Start of Block

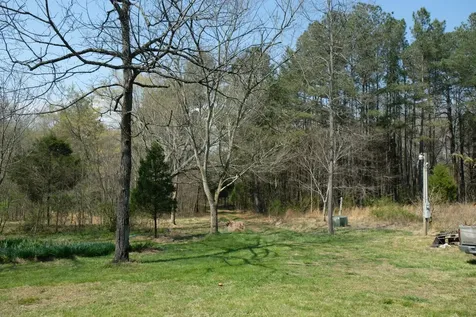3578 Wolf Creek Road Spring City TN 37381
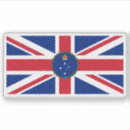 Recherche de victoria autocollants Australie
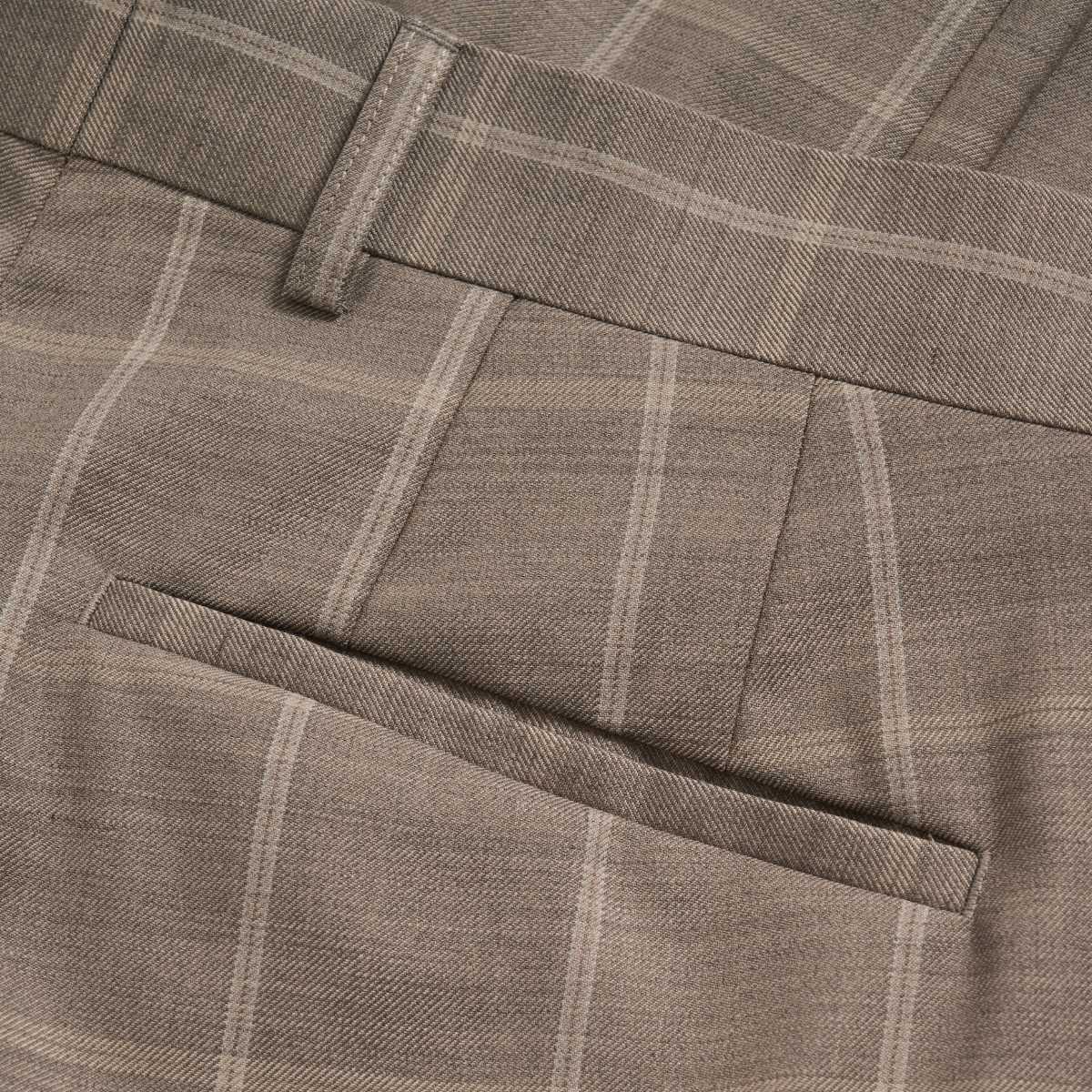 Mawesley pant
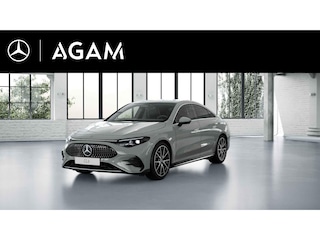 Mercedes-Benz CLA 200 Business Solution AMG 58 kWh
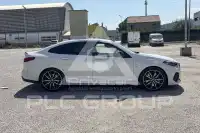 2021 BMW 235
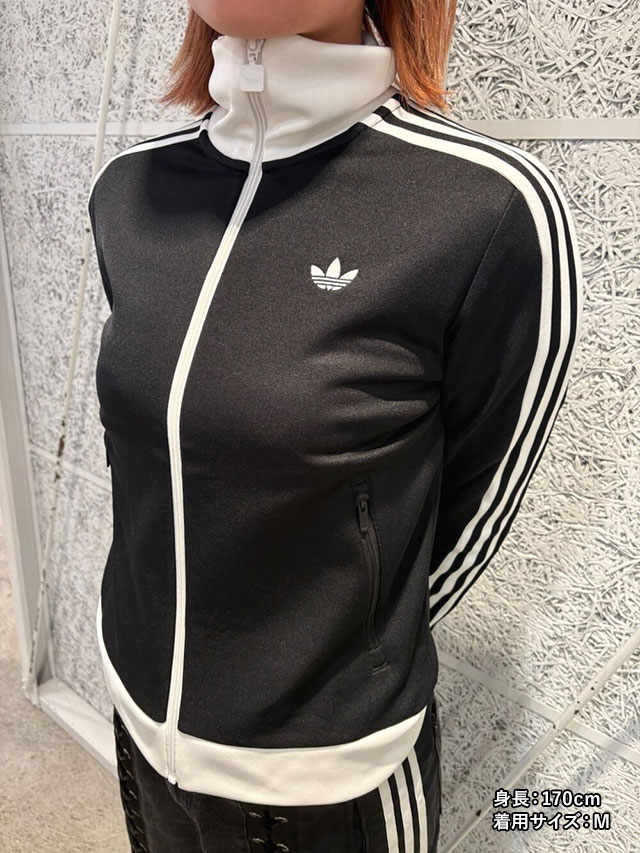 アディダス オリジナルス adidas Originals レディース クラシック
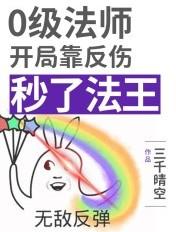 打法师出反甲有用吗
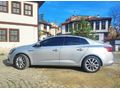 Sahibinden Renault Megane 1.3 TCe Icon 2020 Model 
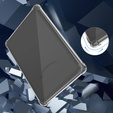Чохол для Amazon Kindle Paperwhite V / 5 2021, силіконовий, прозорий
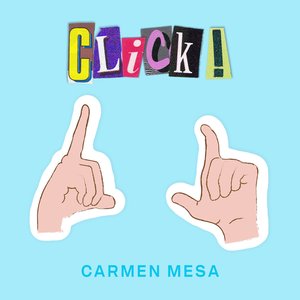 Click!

End of Block

A word-for-word copy of the data above is needed, one that omits the pictures.

3578 Wolf Creek Road Spring City TN 37381
 Recherche de victoria autocollants Australie
 Mawesley pant
 Mercedes-Benz CLA 200 Business Solution AMG 58 kWh
 2021 BMW 235
 アディダス オリジナルス adidas Originals レディース クラシック
 打法师出反甲有用吗
 Sahibinden Renault Megane 1.3 TCe Icon 2020 Model 
Чохол для Amazon Kindle Paperwhite V / 5 2021, силіконовий, прозорий
 Click!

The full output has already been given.